Assignment: Please output the listing below character for character and omit the images.

Information provided:
::::::::

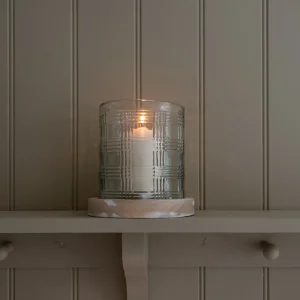 Gingham Check Glass Candle Holder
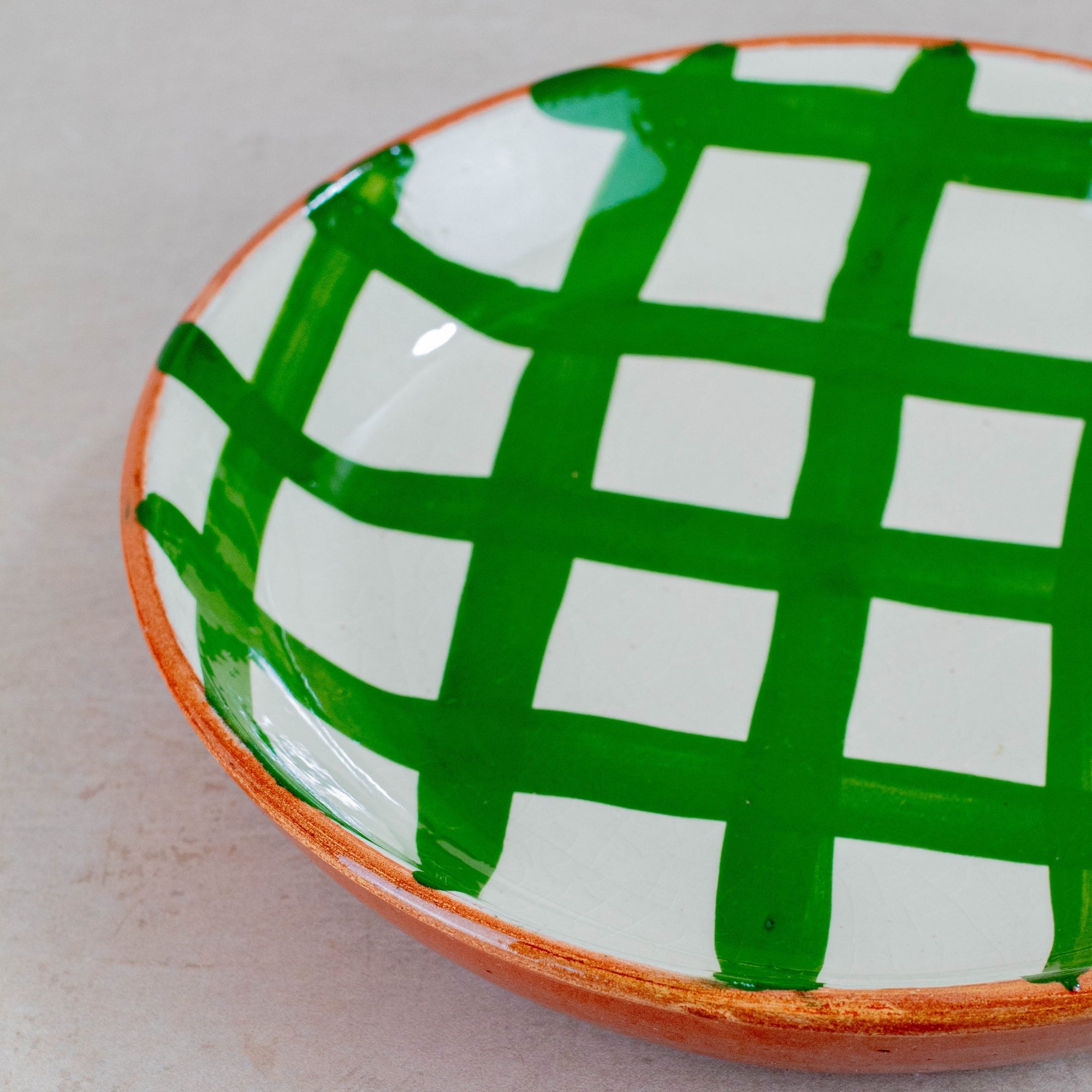 Handmade Checkered Ceramic Bowl - Green
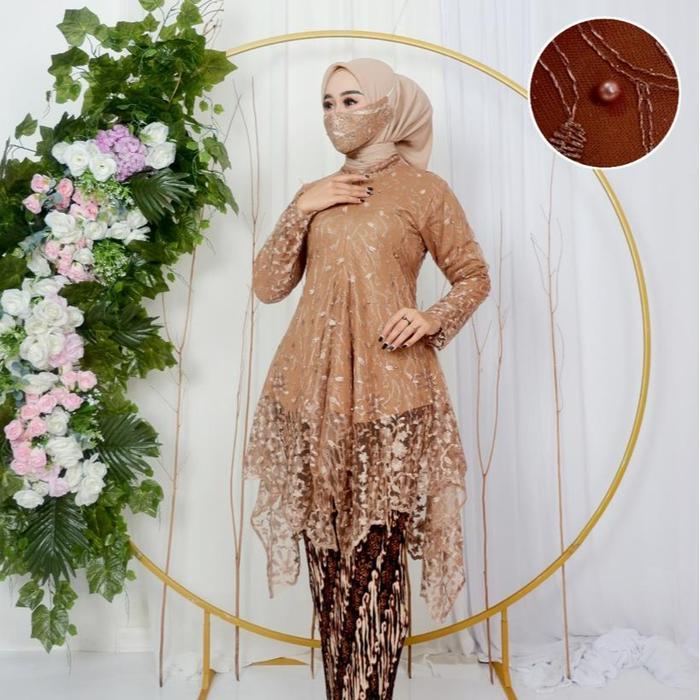 HN MODE - Setelan kebaya tunik salena / kebaya modern / kebaya muslimah - MILLO, M, ATASAN SAJA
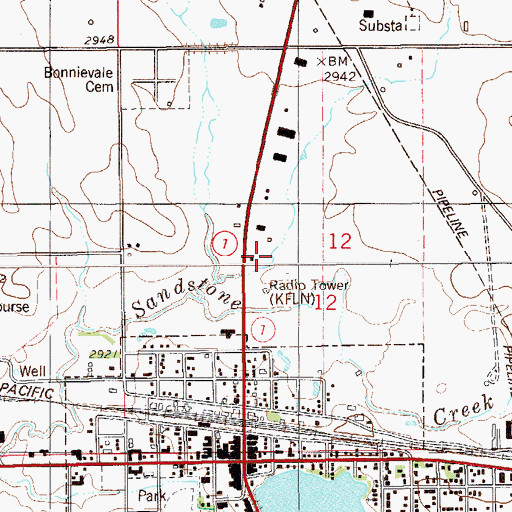 Topographic Map of KFLN-AM (Baker), MT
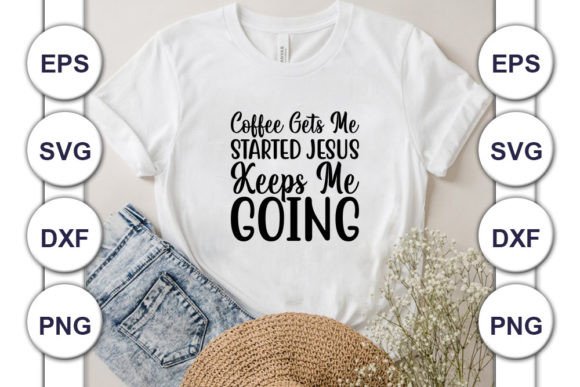 Coffee SVG Design: Faith & Caffeine Graphics for T-Shirt Designs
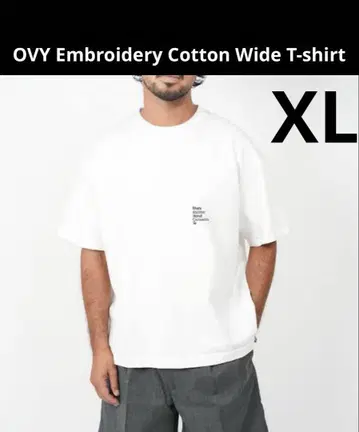 XL OVY Embroidery Cotton Wide T-shirt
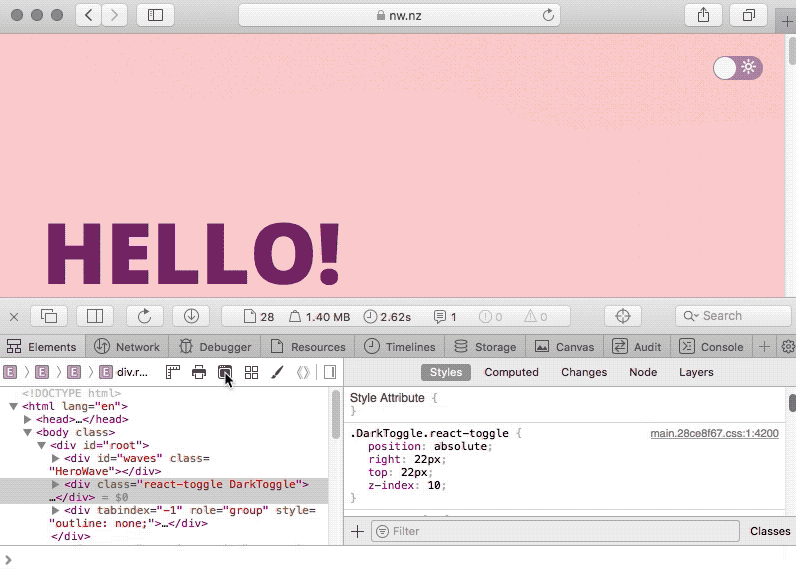 屏幕录像显示,在 Safari 开发者工具的“元素”面板中,点击了“深色模式”切换按钮。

::::::::

Output for this exercise:
 Gingham Check Glass Candle Holder
 Handmade Checkered Ceramic Bowl - Green
 HN MODE - Setelan kebaya tunik salena / kebaya modern / kebaya muslimah - MILLO, M, ATASAN SAJA
 Topographic Map of KFLN-AM (Baker), MT
 Coffee SVG Design: Faith & Caffeine Graphics for T-Shirt Designs
 XL OVY Embroidery Cotton Wide T-shirt
 屏幕录像显示,在 Safari 开发者工具的“元素”面板中,点击了“深色模式”切换按钮。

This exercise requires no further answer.